* [WHAT TO PRODUCE] Every line from the top of the records through the line containing "Then select the" should be retyped exactly; the pictures should not.

* [Saved data entries]
□ □ □ □ □ □ □

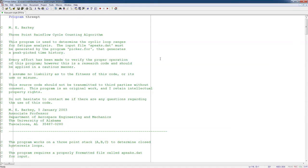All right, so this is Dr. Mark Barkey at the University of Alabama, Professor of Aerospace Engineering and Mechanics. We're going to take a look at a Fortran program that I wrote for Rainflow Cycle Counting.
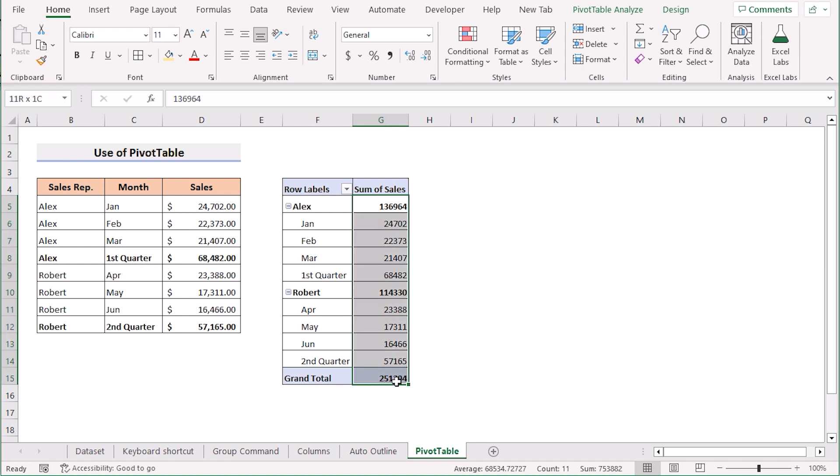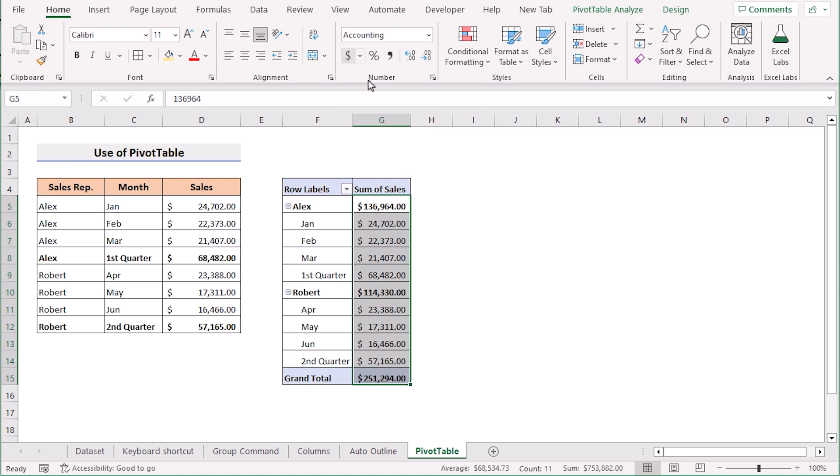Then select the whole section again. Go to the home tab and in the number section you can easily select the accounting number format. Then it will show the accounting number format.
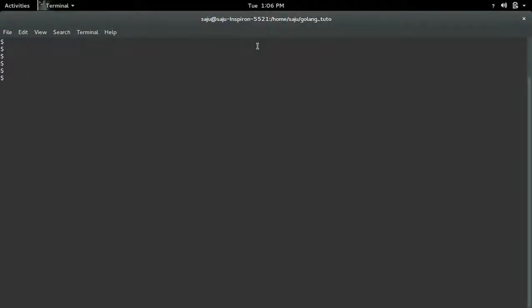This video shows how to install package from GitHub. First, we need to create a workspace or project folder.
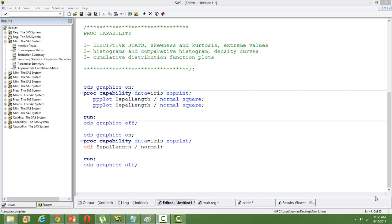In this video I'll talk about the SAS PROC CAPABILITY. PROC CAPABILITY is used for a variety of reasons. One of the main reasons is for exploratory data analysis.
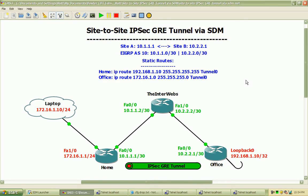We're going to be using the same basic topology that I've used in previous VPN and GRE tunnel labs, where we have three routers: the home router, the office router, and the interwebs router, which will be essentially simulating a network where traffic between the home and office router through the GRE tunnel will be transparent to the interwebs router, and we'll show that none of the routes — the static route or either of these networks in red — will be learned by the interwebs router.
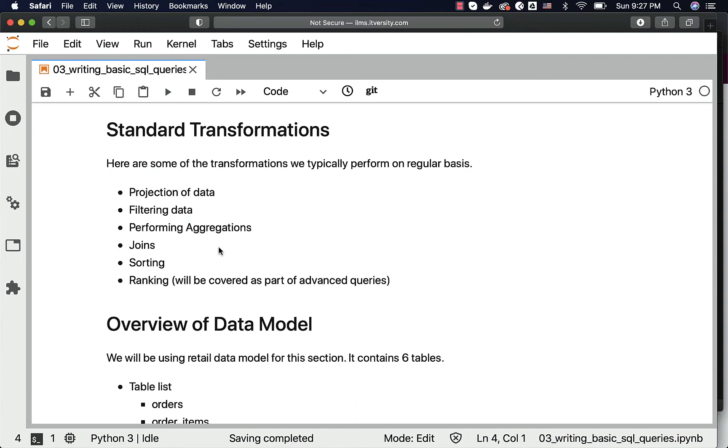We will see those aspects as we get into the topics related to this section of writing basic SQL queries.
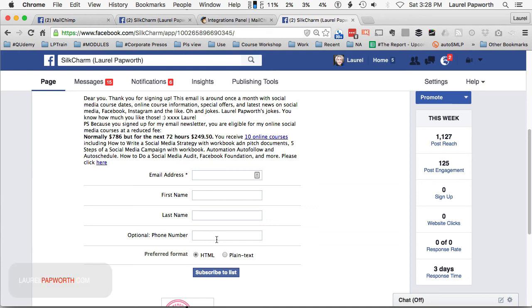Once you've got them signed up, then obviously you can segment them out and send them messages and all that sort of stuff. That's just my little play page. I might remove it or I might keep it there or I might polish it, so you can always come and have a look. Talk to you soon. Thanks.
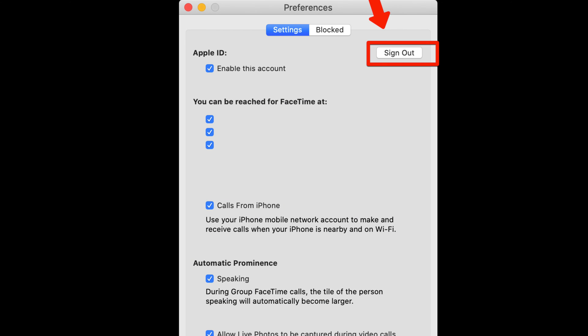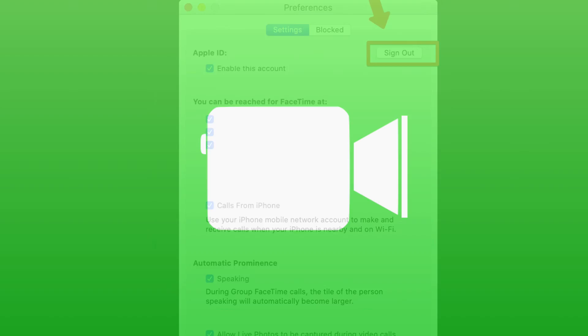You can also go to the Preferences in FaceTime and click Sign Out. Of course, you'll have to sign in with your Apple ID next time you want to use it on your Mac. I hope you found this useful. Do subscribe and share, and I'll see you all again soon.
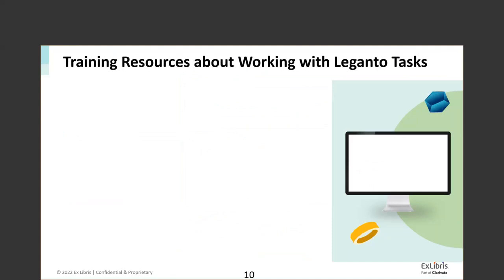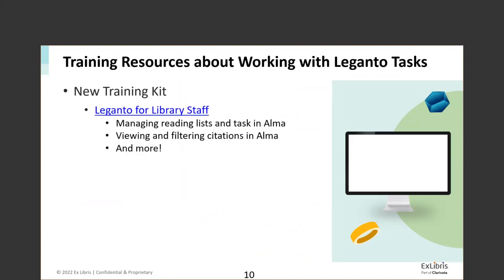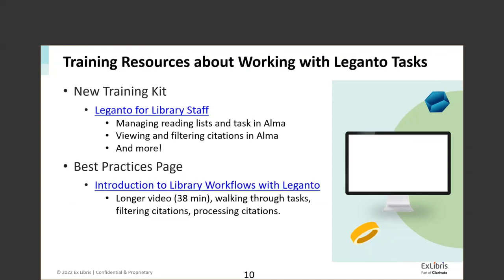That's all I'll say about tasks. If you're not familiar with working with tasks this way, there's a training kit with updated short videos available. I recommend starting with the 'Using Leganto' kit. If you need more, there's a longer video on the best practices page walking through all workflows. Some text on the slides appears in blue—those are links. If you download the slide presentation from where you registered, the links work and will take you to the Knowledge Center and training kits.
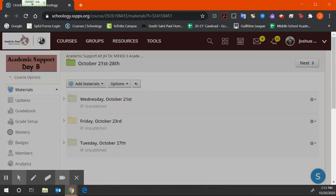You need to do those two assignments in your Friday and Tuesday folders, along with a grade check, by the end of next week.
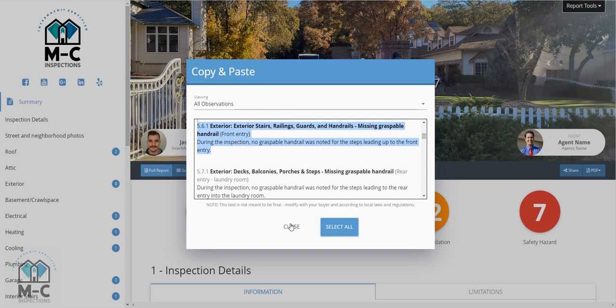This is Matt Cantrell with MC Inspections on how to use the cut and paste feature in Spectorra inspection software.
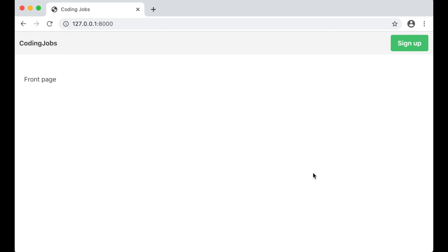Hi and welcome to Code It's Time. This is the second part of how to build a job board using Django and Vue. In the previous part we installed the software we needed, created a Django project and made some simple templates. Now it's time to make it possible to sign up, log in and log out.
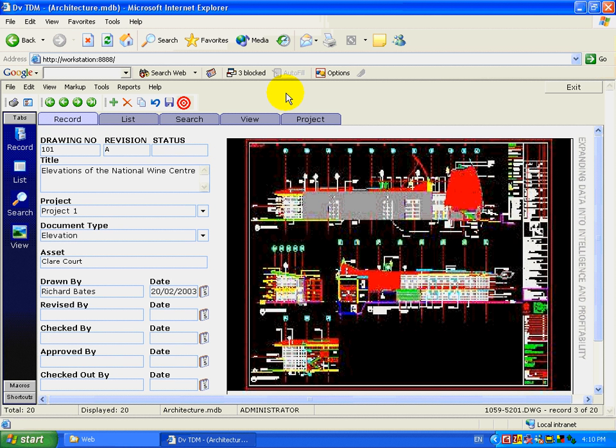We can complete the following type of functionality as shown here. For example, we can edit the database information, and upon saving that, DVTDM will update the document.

□ □ □ □ □ □ □

* [YOUR RESPONSE]
All right, so this is Dr. Mark Barkey at the University of Alabama, Professor of Aerospace Engineering and Mechanics. We're going to take a look at a Fortran program that I wrote for Rainflow Cycle Counting.
Then select the whole section again. Go to the home tab and in the number section you can easily select the accounting number format. Then it will show the accounting number format.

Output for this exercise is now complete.